Filmmakers aim to scale up. “We have to make our projects bigger, making the industry more attractive, precisely to attract international talent in our own productions,” says Garajonay’s Amor.
Companies are moving ever more into international co-production, tapping foreign state-sourced equity as movies cost more.
“The next step, which has begun in the last two or three years, is international co-production, says Tinglado Films’ David Baute.
As a sweetener the Canary Islands launched a minority co-production fund last year.
“We’re very interested in forming part of other international co-productions, tapping aid via the Canary Islands Government’s minority co-production fund,” say Calibrando founders Elisa Torres and Octavio Guerra.
ZEC aims to attract more foreign companies.

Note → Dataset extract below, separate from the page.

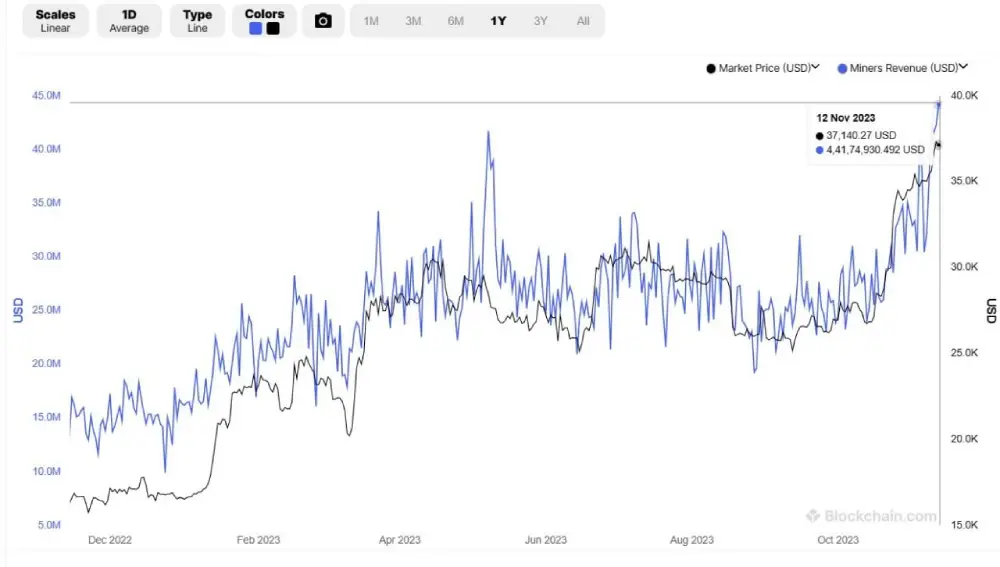 Bitcoin mining has broken the 2023 record!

That also means growing the Canary Islands ecosystem by further training.
The Islands already offer a slew of labs, such as script development workshop Islabentura, MiradasDoc’s Creadoc or training facilities related to Las Palais de Gran Canarias’ Mecas market and the CIIF market.
“There’s a small supply for a big demand,” says Gisberg Bermúdez at Tenerife’s Anaga Media Productions which plans to create its own training facility.
Currently Garajonay Canary Islands productions employ about 30% local crew. 50% of Anaga’s crew were Islands-based, 30% from the Spanish mainland, 20% from the Americas.
Garajonay’s Amor would like to raise that percentage, both to lower production costs, and to grow the Canaries industry.
That’s no pipe dream. In animation, the Canary Islands governmental push to attract companies started slightly earlier, in 2017, and production times are longer, allowing qualified foreign staff more opportunity to train local animators. In 2018, the local/foreign crew ratio was 30%/70%, now it’s reached around 50%/50%, says Hernández.
Challenges remain, however, Clavijo notes: Two he cites are training and “more agile in administrative procedures.”
Yet huge progress in a short time has been made in the creation of a Canary Islands Cinema.
“Little by little Canarian cinema is positioning itself on the front line. Awards, selections and international recognitions are increasingly common among our filmmakers. And that’s the line that must be followed: betting on an audiovisual policy that supports our talent,” Clavijo enthuses.